Benzodiazepínico em dose cheia
Diazepam 0,15 a 0,2 mg/kg IV, até 10 mg por dose, ou midazolam 0,2 mg/kg IV, até 10 mg. Sem acesso venoso, midazolam 10 mg IM. Repita uma vez em 3 a 5 minutos se a crise persistir. A subdose é o erro mais comum de todos.
Segunda linha completa
Fenitoína 20 mg/kg, levetiracetam 60 mg/kg ou valproato 40 mg/kg, com eficácia equivalente no estudo ESETT. Comece a diluir enquanto o benzodiazepínico ainda corre, para que esteja pronta no minuto 5. A dose cheia importa mais do que qual das três você escolheu.
Refratário: intubar e sedar
Crise que persiste após benzodiazepínico e uma segunda linha em dose adequada define refratariedade. Intube e inicie midazolam, propofol, quetamina ou tiopental em dose anestésica, com vasopressor preparado e eletroencefalograma para guiar a meta e o desmame.
Números rápidos
Definição: crise tônico-clônica acima de 5 minutos, ou crises repetidas sem recuperação da consciência.
Diazepam: 0,15 a 0,2 mg/kg IV, até 10 mg por dose, no máximo 5 mg/min.
Midazolam: 0,2 mg/kg IV até 10 mg, ou 10 mg IM sem acesso venoso.
Fenitoína: 20 mg/kg em SF 0,9%, no máximo 50 mg/min (25 mg/min em idoso ou cardiopata).
Levetiracetam: 60 mg/kg, teto de 4500 mg, em 10 minutos.
Valproato: 40 mg/kg, teto de 3000 mg, em 10 minutos.
Propofol na fase 3: bolus de 1 a 2 mg/kg e infusão de 30 a 200 mcg/kg/min.

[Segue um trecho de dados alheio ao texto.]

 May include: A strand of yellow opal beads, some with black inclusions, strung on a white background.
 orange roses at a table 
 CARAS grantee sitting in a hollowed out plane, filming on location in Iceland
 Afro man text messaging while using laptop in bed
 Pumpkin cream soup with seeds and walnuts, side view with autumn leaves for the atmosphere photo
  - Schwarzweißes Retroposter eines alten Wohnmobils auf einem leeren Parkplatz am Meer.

Quetamina na fase 3: bolus de 1 a 2,5 mg/kg e infusão de 1 a 5 mg/kg/h.
Não esqueça
Glicemia capilar nos primeiros segundos.
Tiamina antes da glicose no etilista ou desnutrido.

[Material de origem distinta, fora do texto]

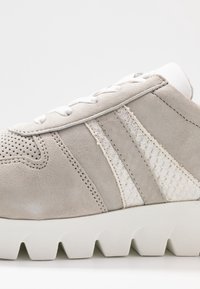 Vaaleanharmaat mokkasaappaat valkoisilla nauhoilla, teksturoidut sivuviivat, rei'itetty varvasosa ja paksu uritettu valkoinen pohja.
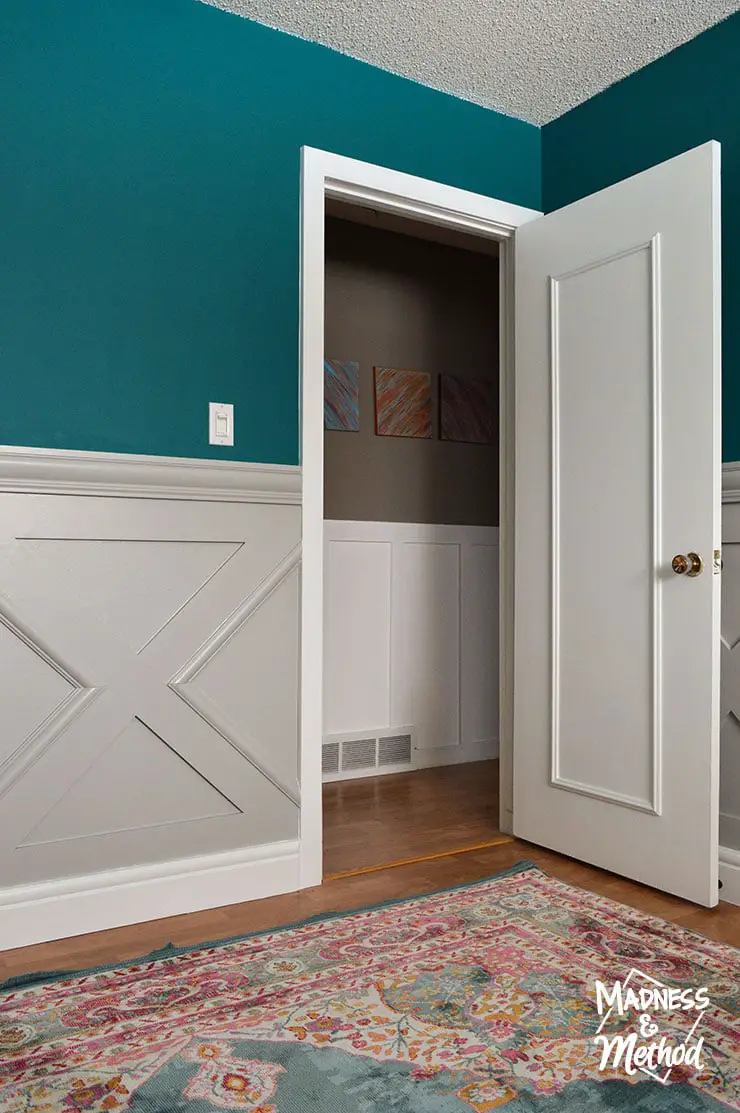 white doors with dark teal walls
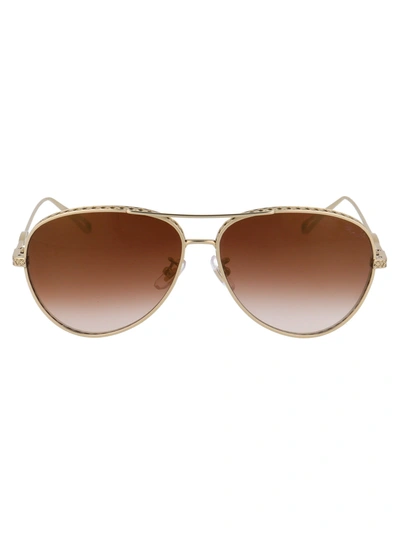 Shop Chopard Eyewear Aviator Frame Sunglasses In Gold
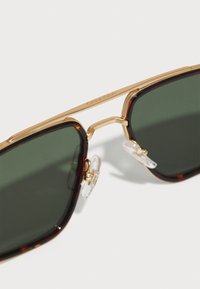 Ochelari de soare pătrați cu lentile de culoare verde închis, ramă din tortoise și accente din metal aurit. Dotati cu garnituri de nas clare pentru confort.
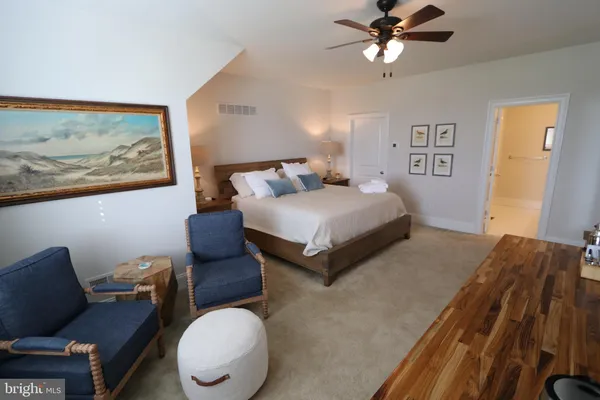 a bedroom with a bed window and couch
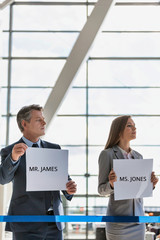 Business people waiting while holding white placard with their boss name in arrival area at airport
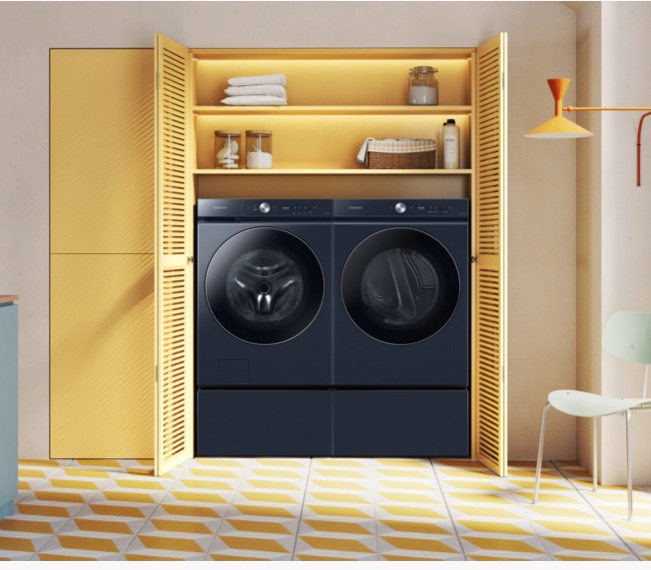 A yellow closet with a black Samsung washer and dryer inside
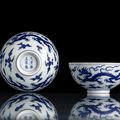 A fine and rare pair of blue and white 'dragon' bowls, underglaze blue Yongzheng six-character marks and of the period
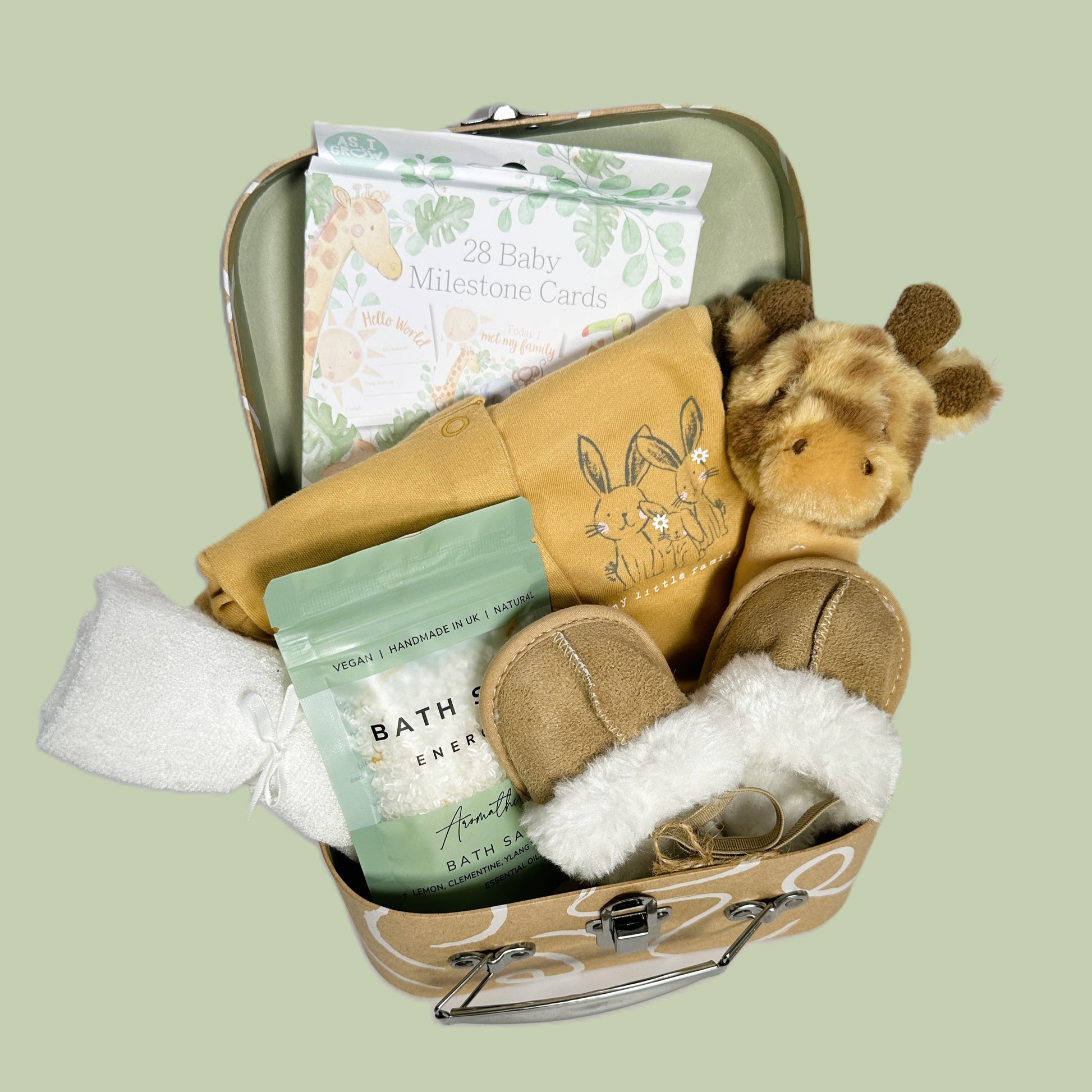 Baby shower gift case with baby rattle, bath salts, baby romper, baby slippers and milestone cards.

Fenitoína só em soro fisiológico — em glicosado ela precipita.
Segunda linha em dose por peso, nunca em dose fixa arredondada.

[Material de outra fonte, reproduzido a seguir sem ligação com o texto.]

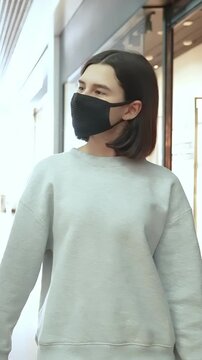A woman stands in a public space, wearing a black mask and a gray sweatshirt. The woman appears thoughtful as she looks around the area, focusing on her surroundings.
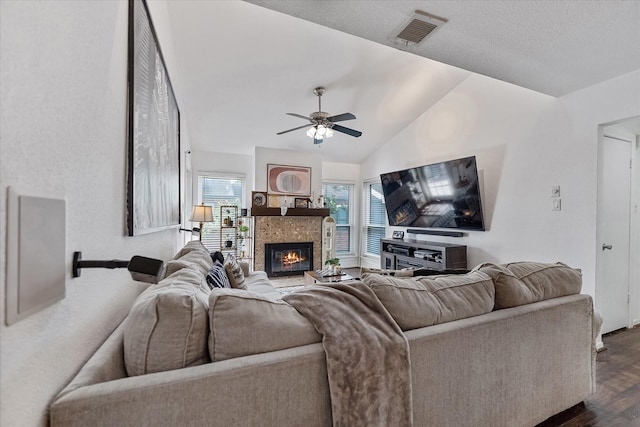 1201 Bering Dr Unit 28, Houston, TX 77057 - living room featuring a tile fireplace, dark wood-style floors, vaulted ceiling, visible vents, and ceiling fan
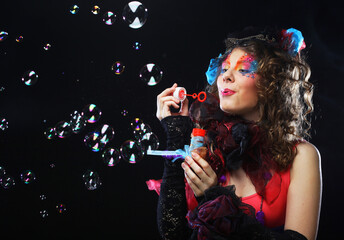 Fashionable young model female with creative make-up blowing soap bubbles. Doll style. Bright...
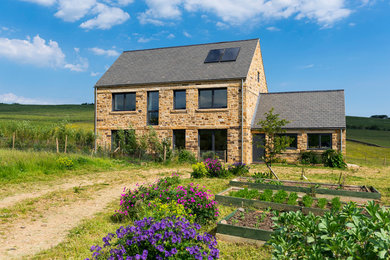 Photo of a rural two floor house exterior in Other with stone cladding and a pitched roof.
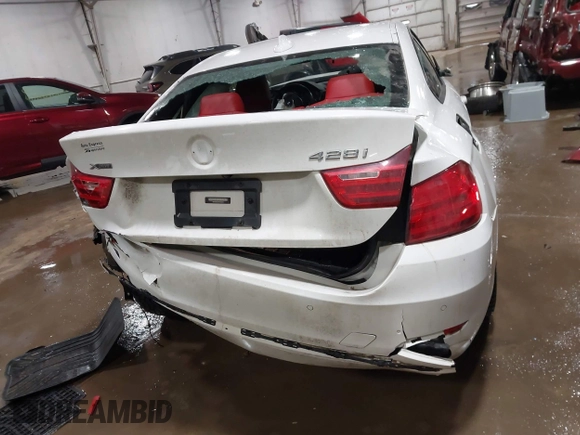 2015 BMW 4 Series 428i xDrive z VIN WBA3N9C52FK246245, wystawiony jako IAAI lot #41650714 z przebiegiem 142 776 mil mil oraz . Historia ofert i sprzedaży dostępna na DreamBid. Obrazek 17.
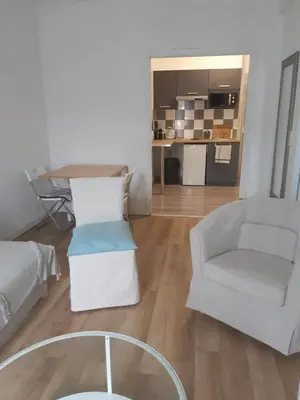 a living room with a white chair and a table at T2 entièrement équipé, proche toutes commodités in Nice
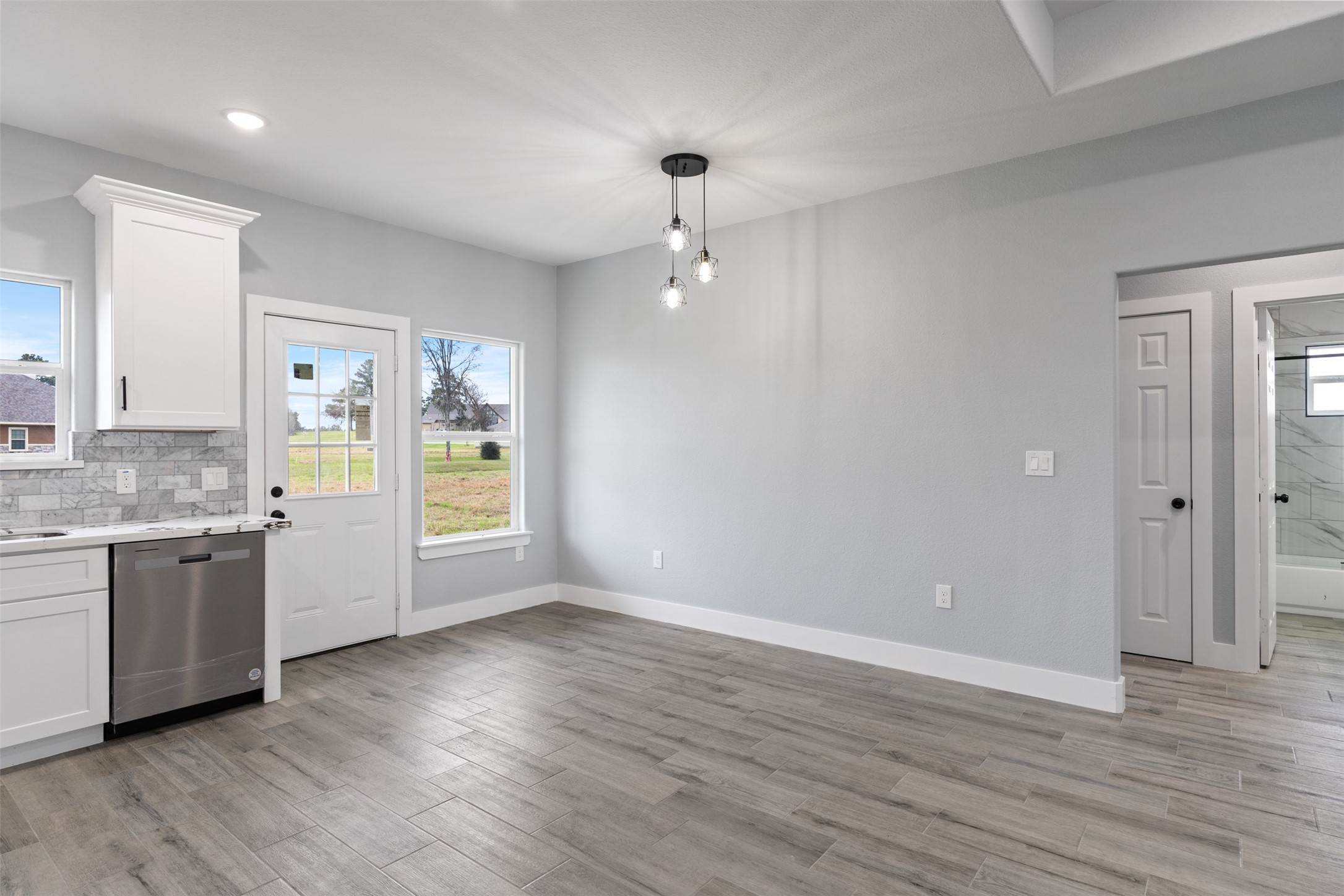 7 Meadowview Drive Trinity, TX 75862 - Photo 12 of 32 a bathroom with a granite countertop sink and a mirror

Beta-hCG em toda mulher em idade fértil: eclâmpsia se trata com sulfato de magnésio.
Parou de convulsionar e não acordou em cerca de 1 hora? Presuma estado de mal não convulsivo.
Programar a manutenção depois de toda dose de ataque.
Artigos relacionados
Em provas / residência
A banca cobra a definição de 5 minutos, as doses de ataque da segunda linha e a definição de refratário como falha de benzodiazepínico associada à falha de uma segunda linha em dose adequada.
Decore: levetiracetam 60 mg/kg, valproato 40 mg/kg e fenitoína 20 mg/kg; eclâmpsia se trata com sulfato de magnésio; intoxicação por isoniazida, com piridoxina.